灯台下暗し

 月の明かりだけが照らす、真っ暗な夜の海。寄せては返す波の音がざぱーん、ざぱーんと響く。深い藍色の海から少し視線を外すと、背の高い塔が立っているのが見える。塔の上から明るい光がきらきらと注いで静かな海を照らす。

 灯台下暗し。遠くの海は照らすことができるのに、すぐ下を照らすことはできない。走ってみる。灯台の下に入ってみる。ほら、真っ暗。でも高い位置から見渡した海は月と灯台の光を反射して美しい。ふと空を仰ぎ見れば、星が瞬いているのが見える。大きく息を吸ってみれば、きんと冷えた冬の空気が肺に入ってくる。

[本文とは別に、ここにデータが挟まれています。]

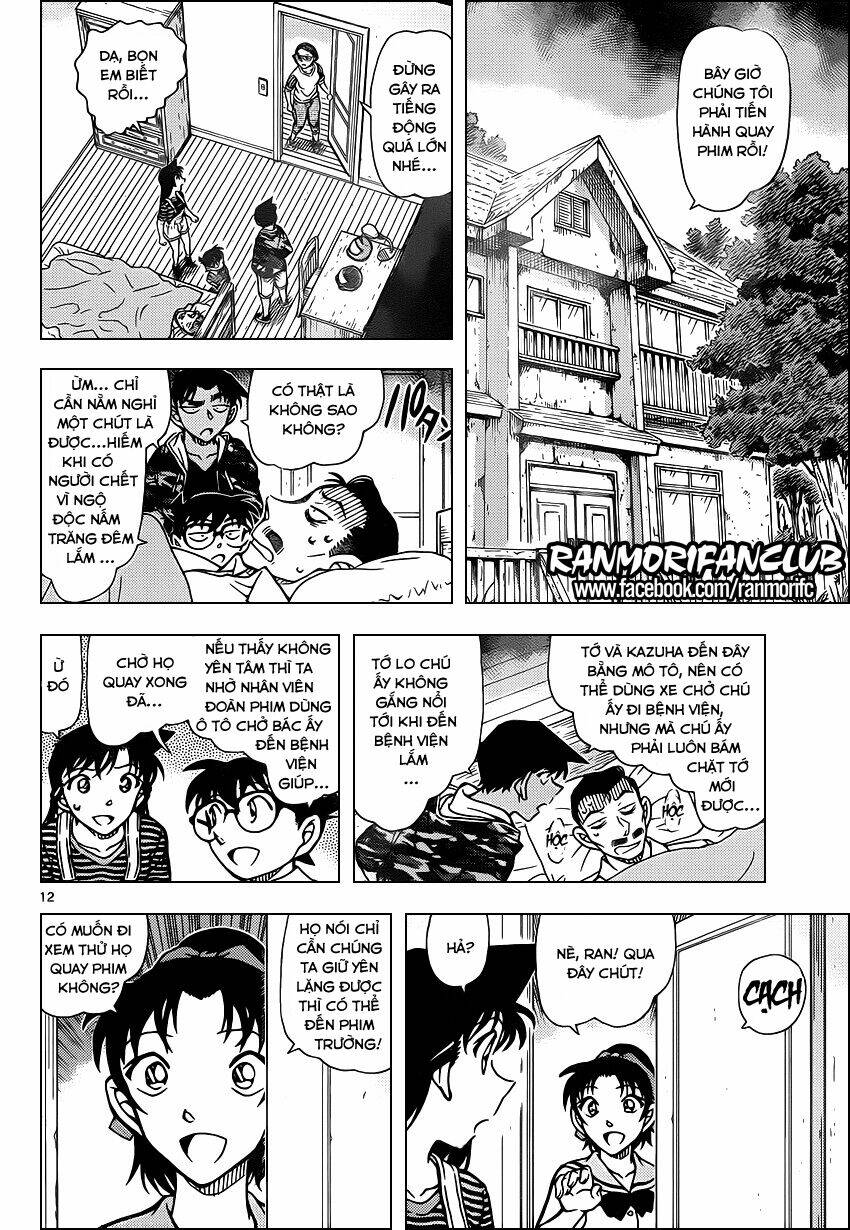 Thám Tử Conan - Chapter 931 - Page 11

 本題に移ろう。私が思うに、SMというものは灯台の下のようなものなのではないか。幼少時より暴力的なものに興味はあったものの、SMにたどり着いたのは高校も終わりになってからだった。暗いイメージがあるから、ちょっとよく分からないから。そうやって灯台が照らす明るい世界ばかりに目を向け、その下にも行かずに恋愛ものを眺めていた。普通の、女子高校生みたいに。でも気づく。私がこうやってSMにたどり着いたのって、自分の「闇」や「欲求」に素直になった結果なんじゃないか。自分をしっかり見つめた結果なんじゃないか。灯台の下が暗いことなんてみんな分かってる。そこに目を向けようとしないだけ。走ってみればいい。飛び込んでみればいい。苦しくて、辛いかもしれない。時には偏見の目にさらされるかもしれない。でもきっと、そこにはきらりと光るものがある。自分を見つめてそうして見つかった「本能からの欲求」を満たすことのできる場所がある。だから私は勇気をもって、荒波に飛び込んでみるんだ。何かを失っても、誰かに軽蔑されても、私は私だから。もっと、遠くへ、遠くへ。深い海の底へ。